**To do**
From the entries that follow, work out how many lines contain "Blue". Write the number only.

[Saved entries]
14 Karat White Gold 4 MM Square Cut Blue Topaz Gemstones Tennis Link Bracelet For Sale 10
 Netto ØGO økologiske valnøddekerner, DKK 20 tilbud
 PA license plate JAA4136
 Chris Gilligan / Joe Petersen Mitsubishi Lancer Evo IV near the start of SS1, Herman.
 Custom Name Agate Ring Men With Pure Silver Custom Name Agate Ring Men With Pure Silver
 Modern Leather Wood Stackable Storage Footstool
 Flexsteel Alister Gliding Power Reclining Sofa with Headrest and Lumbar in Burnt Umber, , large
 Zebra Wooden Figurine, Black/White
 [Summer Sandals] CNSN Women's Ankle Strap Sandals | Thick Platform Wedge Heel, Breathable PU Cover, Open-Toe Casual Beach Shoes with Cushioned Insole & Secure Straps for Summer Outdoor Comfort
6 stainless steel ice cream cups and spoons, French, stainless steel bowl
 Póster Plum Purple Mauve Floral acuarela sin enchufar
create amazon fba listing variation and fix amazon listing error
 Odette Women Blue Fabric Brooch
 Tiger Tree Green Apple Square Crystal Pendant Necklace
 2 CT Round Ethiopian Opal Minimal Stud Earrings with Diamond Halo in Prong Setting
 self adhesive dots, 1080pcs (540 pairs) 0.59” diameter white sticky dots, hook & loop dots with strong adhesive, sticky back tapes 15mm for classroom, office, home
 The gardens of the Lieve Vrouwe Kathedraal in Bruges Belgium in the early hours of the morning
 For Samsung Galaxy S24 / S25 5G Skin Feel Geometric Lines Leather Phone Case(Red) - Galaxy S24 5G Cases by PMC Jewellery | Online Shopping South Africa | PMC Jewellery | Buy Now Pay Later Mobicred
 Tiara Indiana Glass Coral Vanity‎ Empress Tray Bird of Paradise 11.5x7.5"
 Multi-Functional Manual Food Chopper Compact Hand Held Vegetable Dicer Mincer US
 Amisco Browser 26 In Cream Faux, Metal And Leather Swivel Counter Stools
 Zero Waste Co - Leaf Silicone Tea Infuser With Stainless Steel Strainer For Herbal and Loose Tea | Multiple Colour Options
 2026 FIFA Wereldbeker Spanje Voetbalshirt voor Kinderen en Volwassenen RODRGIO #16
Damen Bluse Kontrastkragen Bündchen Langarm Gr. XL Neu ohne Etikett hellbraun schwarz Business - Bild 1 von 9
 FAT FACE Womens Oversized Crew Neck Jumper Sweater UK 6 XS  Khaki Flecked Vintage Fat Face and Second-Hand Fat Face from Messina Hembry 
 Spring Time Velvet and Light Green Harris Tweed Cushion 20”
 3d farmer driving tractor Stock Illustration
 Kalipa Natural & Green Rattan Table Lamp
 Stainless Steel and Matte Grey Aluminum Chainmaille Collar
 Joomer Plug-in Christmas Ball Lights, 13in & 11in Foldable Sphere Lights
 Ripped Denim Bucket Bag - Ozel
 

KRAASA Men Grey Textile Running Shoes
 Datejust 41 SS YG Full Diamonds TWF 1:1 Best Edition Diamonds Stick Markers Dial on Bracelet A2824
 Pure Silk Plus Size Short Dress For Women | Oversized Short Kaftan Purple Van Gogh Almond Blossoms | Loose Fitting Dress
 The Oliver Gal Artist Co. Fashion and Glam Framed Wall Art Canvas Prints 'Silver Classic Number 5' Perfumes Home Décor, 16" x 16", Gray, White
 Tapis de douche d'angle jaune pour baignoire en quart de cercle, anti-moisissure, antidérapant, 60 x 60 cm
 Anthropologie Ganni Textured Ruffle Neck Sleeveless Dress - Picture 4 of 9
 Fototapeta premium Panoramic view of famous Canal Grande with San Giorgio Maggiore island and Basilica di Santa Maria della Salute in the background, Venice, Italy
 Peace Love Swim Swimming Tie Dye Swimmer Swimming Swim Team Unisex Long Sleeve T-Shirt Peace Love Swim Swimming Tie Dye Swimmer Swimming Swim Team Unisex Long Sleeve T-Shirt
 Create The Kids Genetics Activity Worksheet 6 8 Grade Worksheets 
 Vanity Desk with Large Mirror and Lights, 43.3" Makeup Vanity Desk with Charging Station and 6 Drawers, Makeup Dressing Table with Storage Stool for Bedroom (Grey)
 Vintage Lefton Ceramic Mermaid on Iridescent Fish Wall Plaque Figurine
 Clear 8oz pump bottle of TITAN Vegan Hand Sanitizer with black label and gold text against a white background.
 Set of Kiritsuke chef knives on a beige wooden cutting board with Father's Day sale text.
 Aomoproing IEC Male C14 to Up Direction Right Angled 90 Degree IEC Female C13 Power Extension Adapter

**Result of this task**
2